Petit Bayle in Tarn-et-Garonne, France by Vicki Thornton with MELD architecture

Text and images are courtesy Jef Smith for the design of a house by Vicky Thornton with MELD architecture in the Tarn-et-Garonne region of southwestern France.

Built on a steeply sloping greenfield site, the house is expressed in two distinct parts: a rubble limestone base containing a bedroom, pottery studio, shower and utility rooms below the main living and bedroom spaces in a chestnut clad timber frame. The inflecting timber forms of the upper level are intended to respond to the approach, landscape and surrounding views [floor plans]. At one end, the high roof of the front porch is angled to look along the access road, the main living area offers expansive views of the surrounding landscape, and the terrace reveals views of the valley.

Vernacular materials and elements create a pragmatic aesthetic particular to place. The rubble stone walls are typical of this part of France as are timber shuttered windows and sliding, galvanized steel doors on local farm buildings. Here the timber shutters close flush with the walls to continue the board-on-board rhythm of the chestnut cladding, giving strong vertical shadow lines which compliment the heavy modelling of the rubble stone.

Internally the walls and ceiling to the upper level are lined in OSB, painted in the bedrooms to distinguish the more private spaces but left "fair faced" on the remaining walls to give a warm texture to the interior of the house.
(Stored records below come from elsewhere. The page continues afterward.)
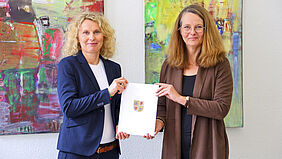 Es ist die Professorin zu sehen, die gemeinsam mit der Ministerin, die neben ihr steht, ihre Ernennungsurkunde in der Hand hält.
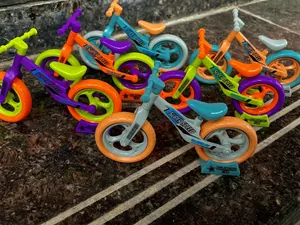 Macro detail of multi-color ABS balance bike models with SUPER SPEED racing decals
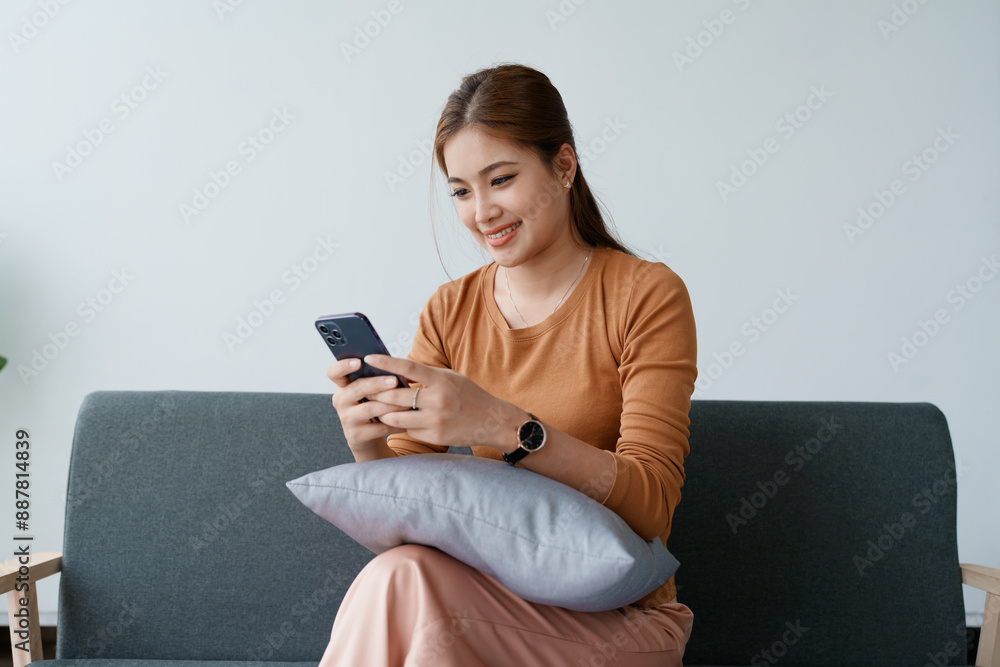 Obraz premium woman relaxation on a sofa, scrolling through social media on her smartphone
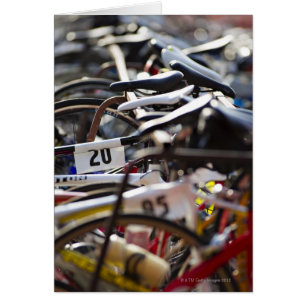 Cartão As bicicletas na cremalheira em um triathlon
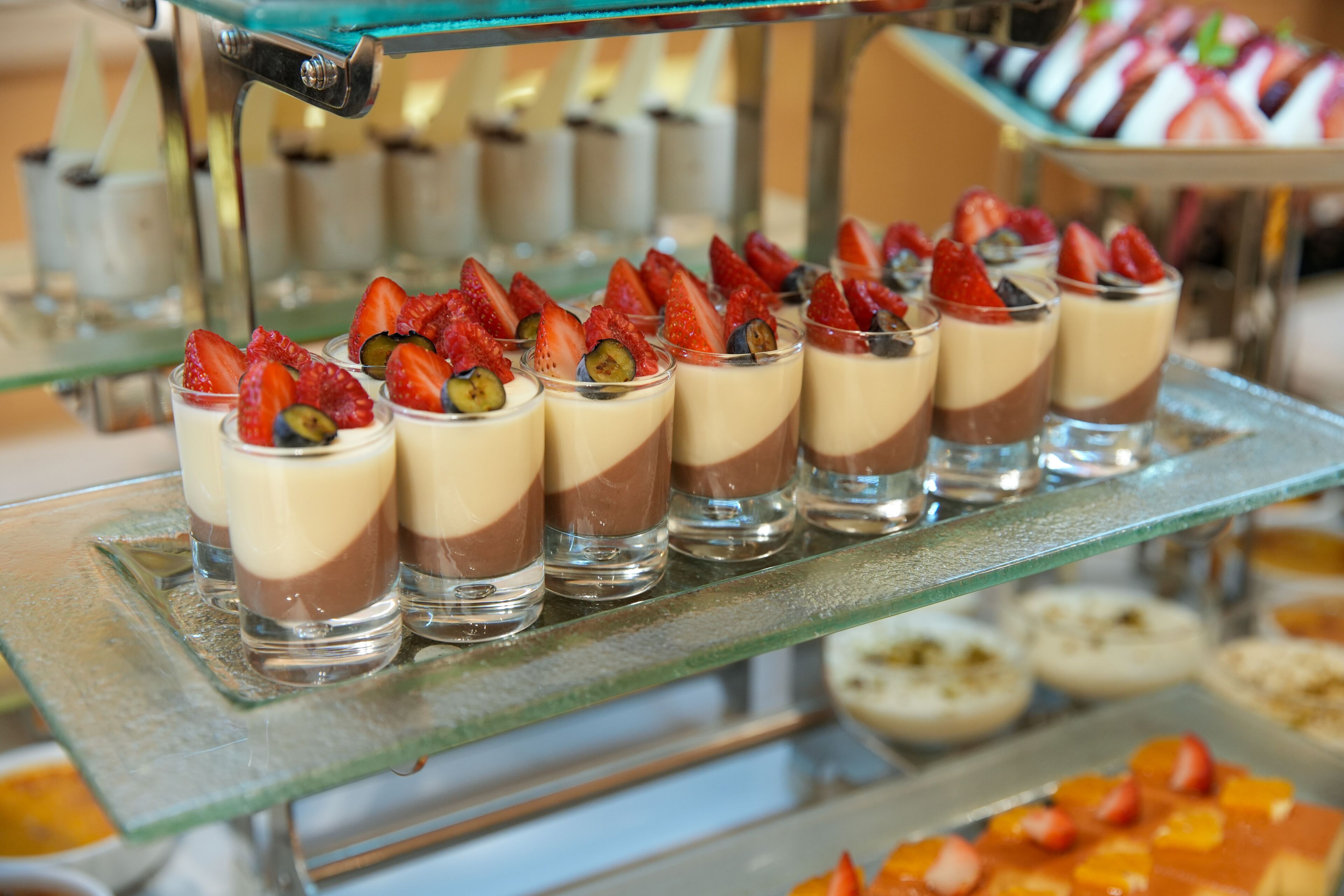 A dessert display with layered chocolate and cream desserts topped with strawberries and kiwi.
Joinery elements, like the kitchen cabinet doors and long shelving wall are expressed in phenolic ply, chosen for its robustness as well as to offset the OSB. At the lower level the ceilings and internal face of the external walls are faced in lime render with timber-lined window seats created in the deep reveals.

Essentially robust and low tech, the house is highly insulated and utilizes the potential for passive solar heating in the winter, while the high thermal mass of the lower floor and large volume of the timber frame (with sun-shading shutters to south facing windows) enables a comfortable temperature to be maintained in the summer without the need for air conditioning or mechanical ventilation. The house incorporates solar thermal panels for domestic hot water, rainwater harvesting for flushing toilets and irrigation, a green roof, and uses locally sourced materials and labor.